News & Insights > Insights > Le « Pay As » dans l'assurance : un concept oublié prêt à refaire surface ?
 

  •  By Marie-Sarah Gastou

Mécanisme d'adaptation de la tarification des produits d’assurance en fonction du comportement de l'assuré, le « Pay As » n'est pas un concept tout à fait nouveau, sa genèse remonte à plusieurs années dans l'assurance auto. Pourtant, peu d’assureurs se sont saisis de cet outil, si bien qu'on en vient à se demander ce que devient ce concept et s'il a bel et bien une réalité business. L'accélération autour des appareils connectés et du partage de données pourrait toutefois le remettre au goût du jour et créer des opportunités pour des assureurs plus que jamais en quête de personnalisation (68% de clients souhaitent davantage d'offres spécifiques de la part des assureurs). Mais les enjeux n’en restent pas moins complexes, notamment lorsqu’on adresse les données de santé…

 

Le « Pay As » dans l’assurance auto : de l’assurance kilométrique à la prévention comportementale, la genèse d’un concept que l’on pensait oublié

 
La première apparition d’un concept de « Pay As » remonte à la création de l’assurance kilométrique : la prime est adaptée au nombre de kilomètres parcourus. Le « Pay as you drive », bien connu aujourd’hui, y a par la suite ajouté une dimension comportementale et préventive, in fine plus proche d’un « Pay How » : la tarification de l’assurance auto s’adapte en fonction du comportement de conduite de l'assuré. Le « Pay As » permet ici de proposer une alternative aux conducteurs qui seraient soumis à des primes plus élevées, par exemple les jeunes conducteurs, mais également de faire de la prévention et de diminuer le risque de sinistre. C'est par exemple ce qu'a mis en place Direct Assurance avec le programme « You Drive » en installant un boîtier connecté sur le véhicule des assurés qui analyse le comportement du conducteur à chaque trajet (freinage, allure, distance, virages) et en adaptant le montant des cotisations en fonction. 

 

Si le programme de Direct Assurance faisait figure de précurseur il y a 4 ans, le géant Tesla l’a récemment remis au goût du jour en s’emparant du marché de l’assurance auto en Californie. Là où l’installation d’un boîtier pouvait contraindre le conducteur, Tesla solutionne cette complexité en utilisant la télématique directement embarquée dans ses véhicules. Avec ‘Tesla Insurance’, le groupe utilise la donnée fournie par les voitures en temps réel pour évaluer le niveau de risque des conducteurs et adapter les primes chaque mois. Selon la marque, les meilleurs conducteurs pourraient économiser jusqu’à 60% sur le montant de leur prime mensuelle. 

 

La déclinaison du « Pay As » cross produits : des opportunités qui se développent sur les périmètres MRH et santé

Le « Pay As » se décline également du côté de l’assurance habitation, notamment à travers les technologies de « smart home » : la tarification est réduite si l’assuré équipe son logement de systèmes de protection et d’alertes. Par exemple, la startup Hippo Smart propose depuis quelques années jusqu’à 13% de réduction sur la prime si l’assuré installe un de ces systèmes.

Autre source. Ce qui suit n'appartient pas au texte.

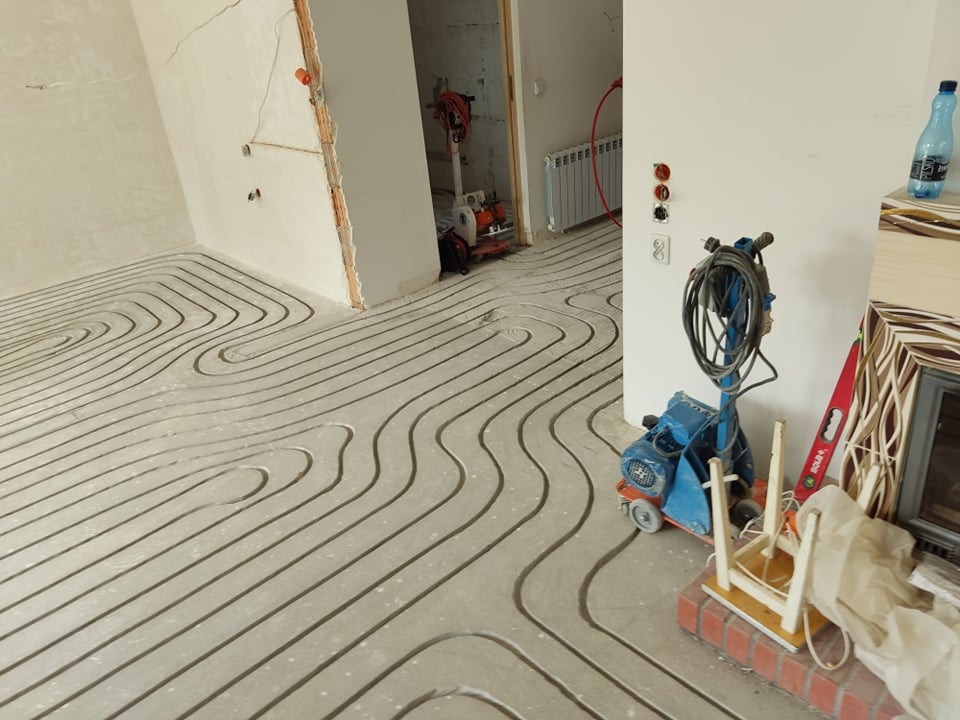 Świeżo wylany beton z zatopionymi rurami w kształcie fal, instalacja przed wyschnięciem, widoczny sprzęt do wygładzania betonu i poziomica.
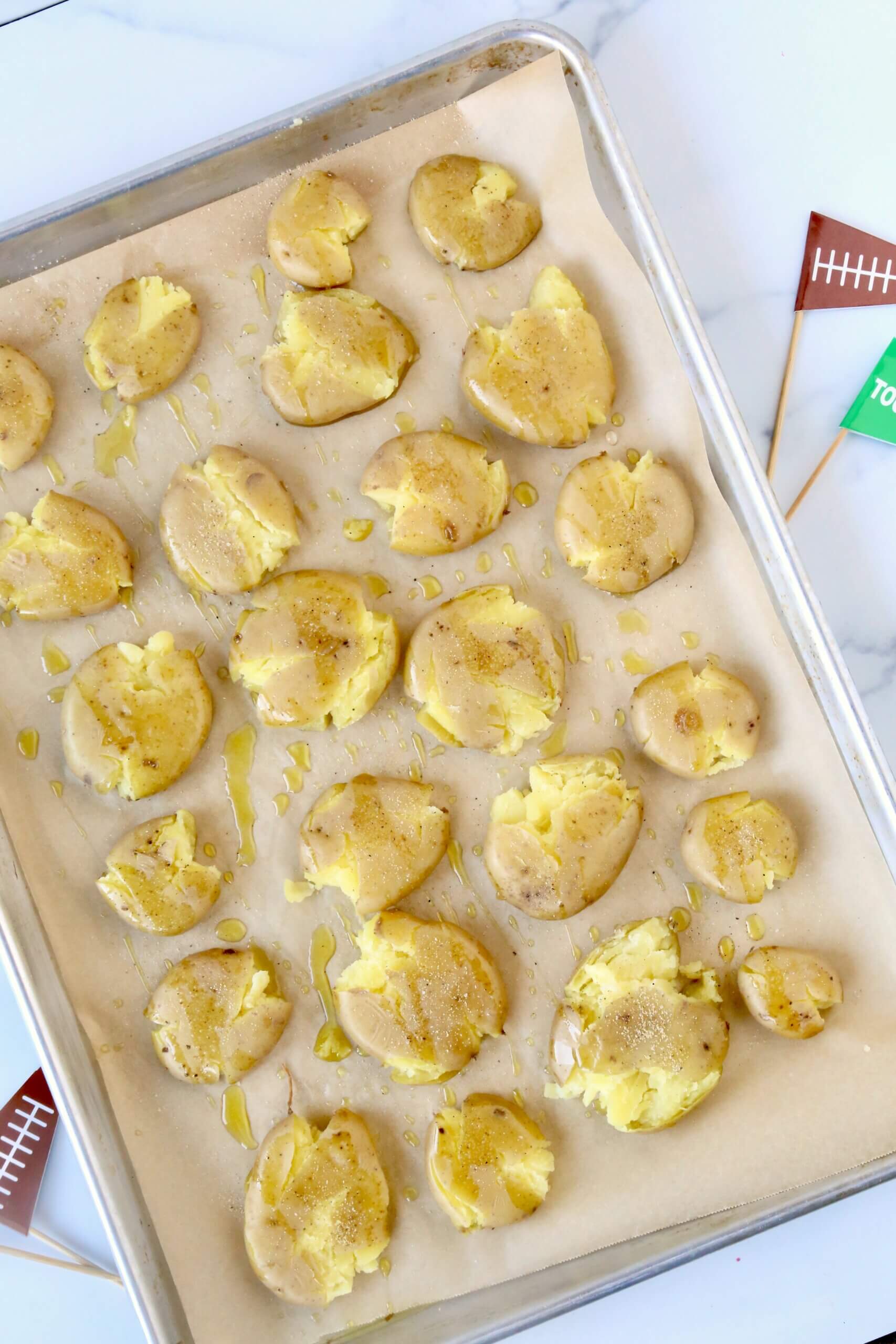 A silver pan topped with tan smashed golden yellow potatoes.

Sur le périmètre santé, cette déclinaison a un nom, le « Pay as you live » : la tarification des produits d’assurance santé est adaptée en fonction du rythme de vie et des habitudes de l'assuré, dont les informations sont fournies par des objets connectés. Le champ des possibles parait ainsi très large quand on sait que d’ici 2030, 72% des assurés seront dotés d’au moins un appareil connecté. D’autant plus que les consommateurs semblent de moins en moins frileux à partager leurs données : à l’échelle mondiale, 55% seraient prêts à partager plus de données personnelles avec leur banque et/ou assureur en échange de réductions, de services personnalisés ou de conseils spécifiques. 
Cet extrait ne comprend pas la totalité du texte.